After the Coloradans arrived, college police told Asprey and Glustrom that they would have to go to a fenced area far from the meeting in order to show a banner. When they displayed the banner — emblazoned “Peabody Abandons Miners” — near the meeting on their way through a parking lot, police arrested them.
The college allowed the company to order police to suppress protests, the Coloradans alleged in their lawsuit, which argued infringement of their First and Fourth amendment protections. Last month, however, Judge Scott Skavdahl found in favor of the policeman, the college and its police department, ruling the claims against them were not valid and closing the case.
Darold Killmer, who represents the two Coloradans in the lawsuit, told the Star-Tribune in August that although he had agreed in January to settle claims with the college and police for $80,000 and a public educational program on the First and Fourth amendments, opposing lawyers later reneged on the deal. The money wasn’t the issue, Killmer said. Although defendants indicated they would be willing to pay more to settle the suit, Asprey and Glustrom declined to take money in exchange for dropping the public information requirement. Killmer said he would appeal the judge’s decision to grant summary judgment.
“It’s very upsetting,” Killmer said. “But we’re not going away.”

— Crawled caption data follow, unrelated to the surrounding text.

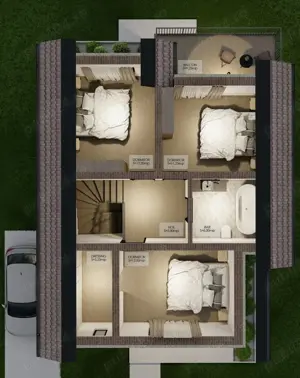 Casă nouă, AVANS DOAR 10000 EURO !!! Cartier Athena, comision 0% - imagine 11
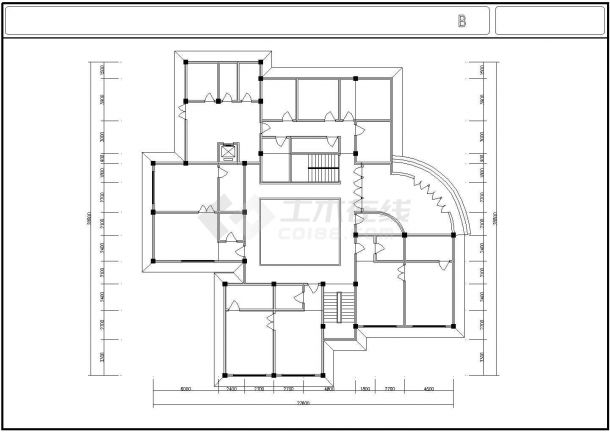 某地幼儿园建筑方案设计CAD图纸（共4张）-图二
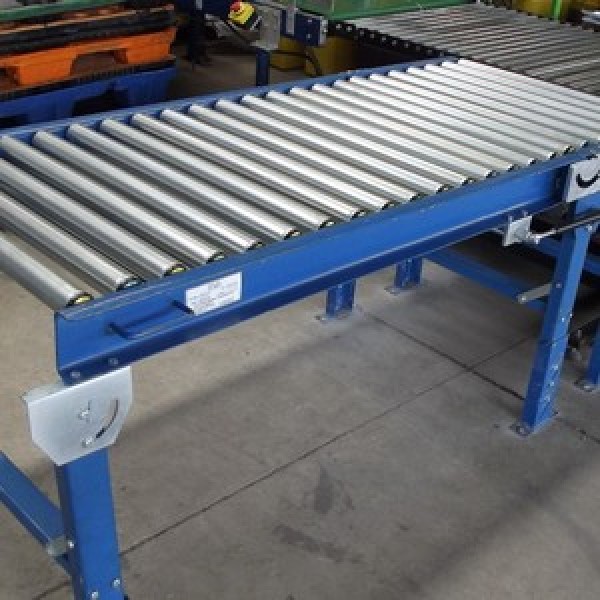 mesa transportadora de rolos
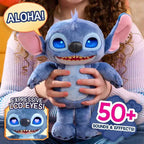 Interactive Cartoon Alien Plush Toy 35cm (14") – Talking Light-Up Stuffed Doll with Sound Effects & LCD Eyes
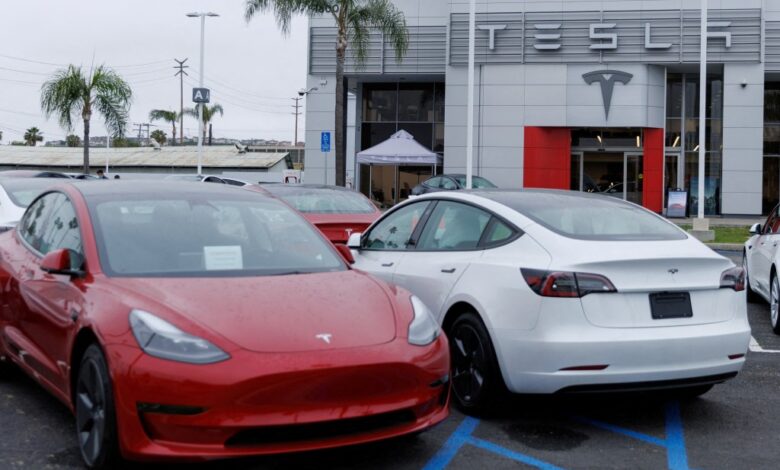 Tesla vehicles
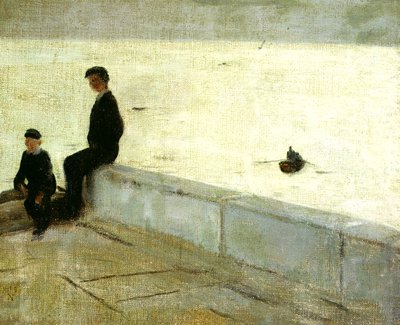Pojkar på en pir av William Nicholson
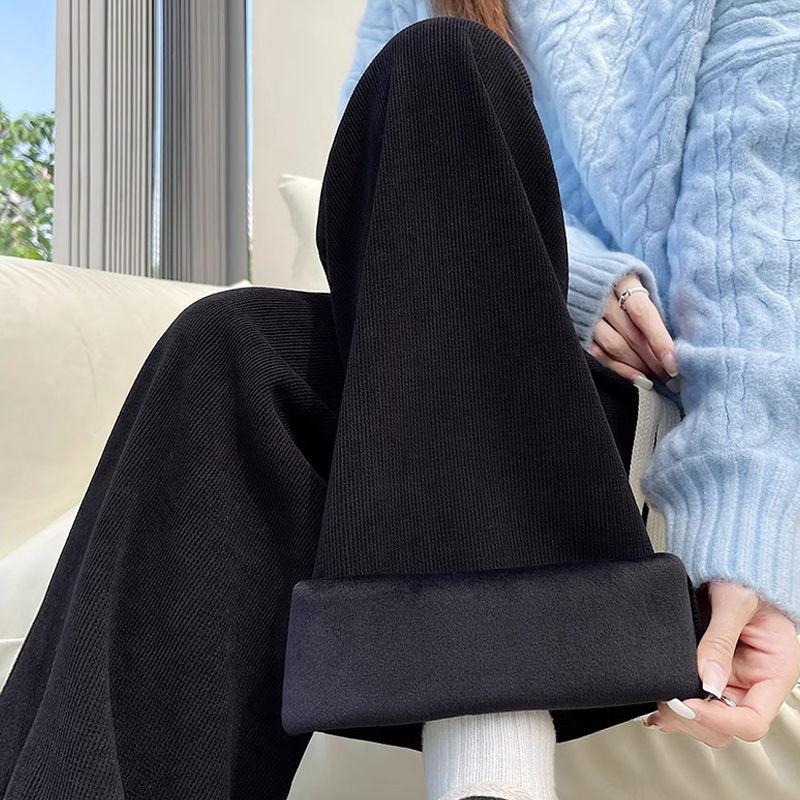 

Женские теплые джоггеры с флисовой подкладкой на осень и зиму, однотонные спортивные штаны на кулиске, незаменимые для улицы осенью/зимой S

“I am pleased that upon reviewing the facts, the judge dismissed all claims against the Northern Wyoming Community College District and Lieutenant Trebby,” Walter Tribley, district president, said in a written statement provided by a district official. Tribley also claimed in the two-sentence statement that “there was no settlement of any kind.” However, the official did not respond to a follow-up email requesting clarity in light of a March 20 court filing signed by lawyers, including the college’s, that stated parties had agreed to a settlement with minor details to be reconciled.
A late Friday afternoon phone call to Assistant Vice President Wendy Smith, who provided the statement, went unanswered. She did not reply by press time to a voicemail likewise seeking clarification.
Chris Voigt, who represented the school district and its police department, declined this week to comment directly on Killmer’s characterization of the deal’s sticking points. He said by email that as a rule he treats settlement discussions as confidential.
“All I can say is that all the parties worked hard and spent a lot of time attempting to reach agreement on the specific settlement terms,” Voigt said. “Unfortunately we just couldn’t quite get to specific settlement terms everyone could agree upon.”
Wyoming’s attorney general, whose office represented the police lieutenant named in the case, did not initially respond to an email requesting details on how the settlement fell apart. Attorney General Bridget Hill in response to a follow-up email Friday noting this story’s publication date confirmed a policy described in prior statements precluding her from commenting on cases until they are fully resolved in appellate courts.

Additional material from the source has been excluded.